Sesame Street's educational impact is comparable to preschool, study finds

NEW YORK — Most Americans born since the mid-1960s have a favorite "Sesame Street" skit. Jennifer Kotler Clarke watched hers on a black-and-white television set in her family's Bronx apartment. There were two aliens: One of them had long arms that didn't move, while the other had short, moving arms. The aliens wished to eat apples from a tree, and they succeeded, after a couple of minutes, by working together. "Let's call this cooperation," one of them says. "No," the other replies, "let's call it Shirley."

Clarke grew up to be the show's vice president for research and evaluation, and she has long believed that the program's laughs and lessons stick with children. Now, landmark academic research appears to back her up.

The most authoritative study ever done on the impact of "Sesame Street," to be released on Monday, finds that the famous show on public TV has delivered lasting educational benefits to millions of American children — benefits as powerful as the ones children get from going to preschool.

The paper from the University of Maryland's Melissa Kearney and Wellesley College's Phillip Levine finds that the show has left children more likely to stay at the appropriate grade level for their age, an effect that is particularly pronounced among boys, African Americans and children who grow up in disadvantaged areas.

After "Sesame Street" was introduced, children living in places where its broadcast could be more readily received saw a 14 percent drop in their likelihood of being behind in school.
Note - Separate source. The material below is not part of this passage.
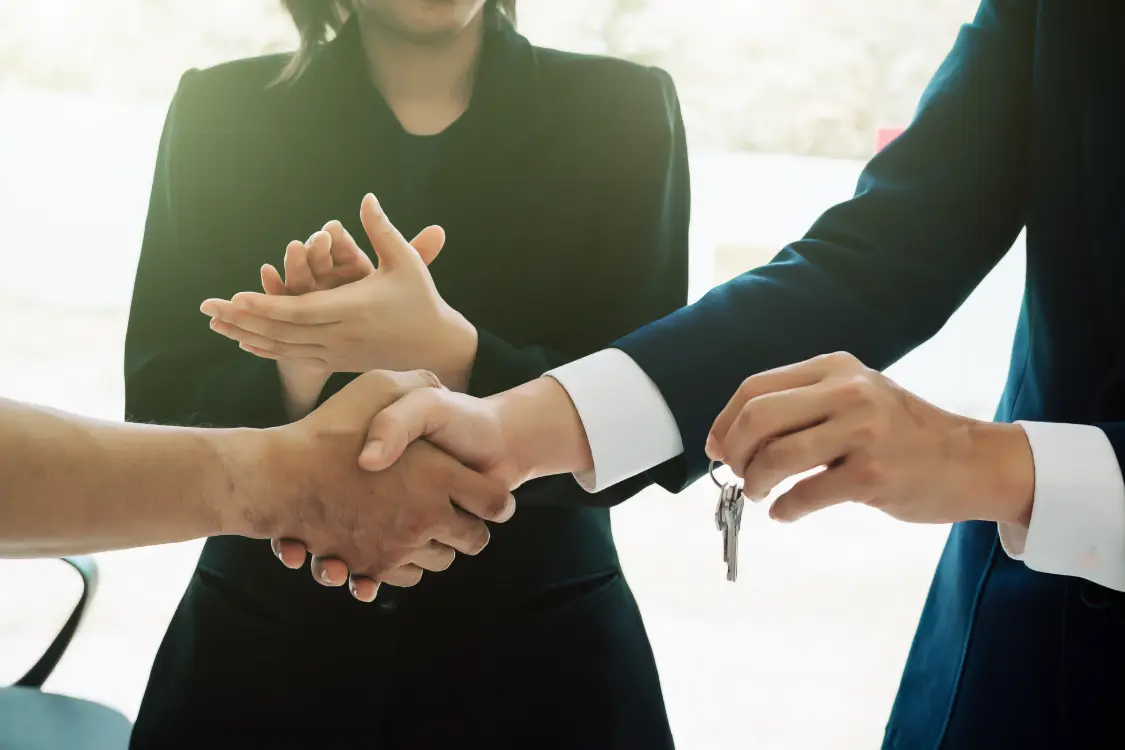 Businesspeople shaking hands while handing over keys during a deal closing, the final step after a successful interview using key interview questions for business brokers.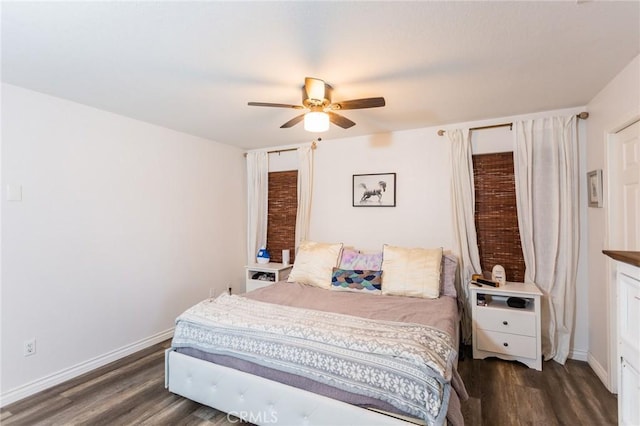 bedroom with a ceiling fan, wood finished floors, and baseboards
Levine and Kearney note in their paper that a wide body of previous research has found that Head Start, the pre-kindergarten program for low-income Americans, delivers a similar benefit.

The researchers also say those effects probably come from "Sesame Street's" focus on presenting viewers with an academic curriculum, heavy on reading and math, that would appear to have helped prepare children for school.

While it might seem implausible that a TV show could have such effects, the results build on Nixon-era government studies that found big short-term benefits in watching the show, along with years of focus-group studies by the team of academic researchers who help write "Sesame Street" scripts. Several outside researchers have reviewed the study, and none are known to have questioned its results.

The new findings offer comforting news for parents who plopped their children in front of public TV every day and/or memorized entire Elmo DVDs, unwittingly.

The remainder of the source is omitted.